Anal Kanti Roy successfully defended his master’s thesis “Automation of Crawling Blogosphere based on Pattern Recognition” Thursday, November 21, 2019. In attendance were committee members Dr. Nitin Agarwal (chair), Dr. Elizabeth Pierce, and Dr. Serpil Tokdemir Yuce as well as members of COSMOS.
Over the past two years, Roy has become very familiar with extracting online content. As COSMOS’ leading crawling expert, Roy has played a fundamental role in data extraction for various COSMOS research projects.
The motivation behind his work was not only the sheer volume of content published on blogs, but also the influence these blogs can have on the public. Blogs are not restricted to a specific character-limit nor are they moderated by a hosting platform. Authors are able to freely express themselves through blog posts. COSMOS has identified numerous, highly influential blogs in the past that are being used as an influence operation instrument to spread misinformation and propaganda. Blogs are closely linked to social media, as social media platforms are often used to disseminate blog content.
As blogs are dynamic and evolving, it is crucial to perform a computational analysis on blogsites in order to quickly identify and study online influence campaigns. For his master’s thesis, Roy worked on a crawler program able to extract and categorize any blog data. Currently, crawler programs are limited due to their blog-specific nature. None of them are generic. By using tools, such as python, scrapy xpath, regex, and MySQL, Roy crawled ten different blogs. The blogs ranged from having less than 20 blog posts to several thousand blog posts. The complex structure of scripts made it challenging to define patterns. Roy set up priorities measures for the blog components, such as blog title, date, author content, tags, categories, and comments. As the HTML within a page is broken down into pieces of text, each piece of text is being analyzed based on a list of patterns. A score for each text is being calculated.
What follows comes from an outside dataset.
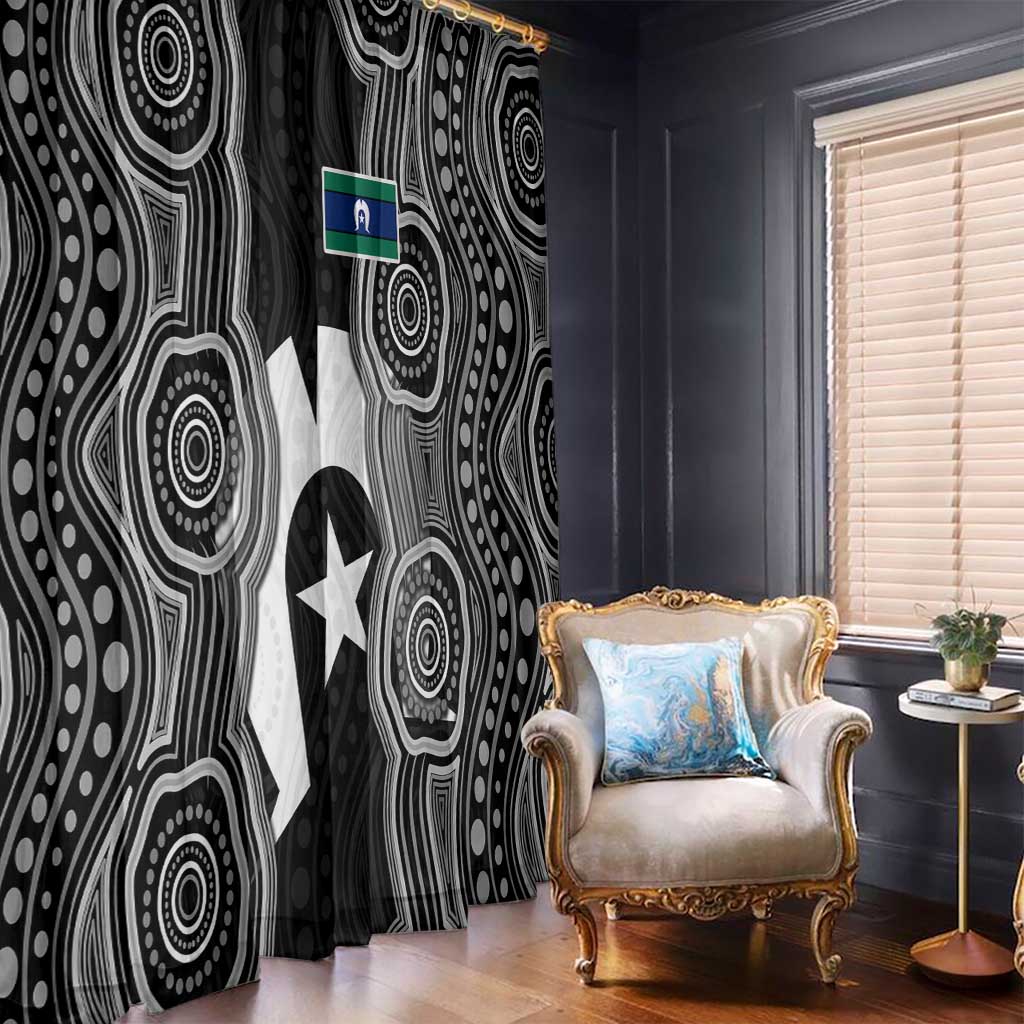 Torres Strait Islander Window Curtain Flag Feather Headdress Indigenous Dotwork Tribal Art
The text with the highest score (that exceeds a certain threshold) is then identified as the target blog data for a particular component and will be extracted as such.
Roy’s publication about this crawling process titled “Automating Blog Crawling Using Pattern Recognition” will be presented at The Ninth International Conference on Social Media Technologies, Communication, and Informatics (SOTICS 2019), which will take place from November 24 – 28 in Spain.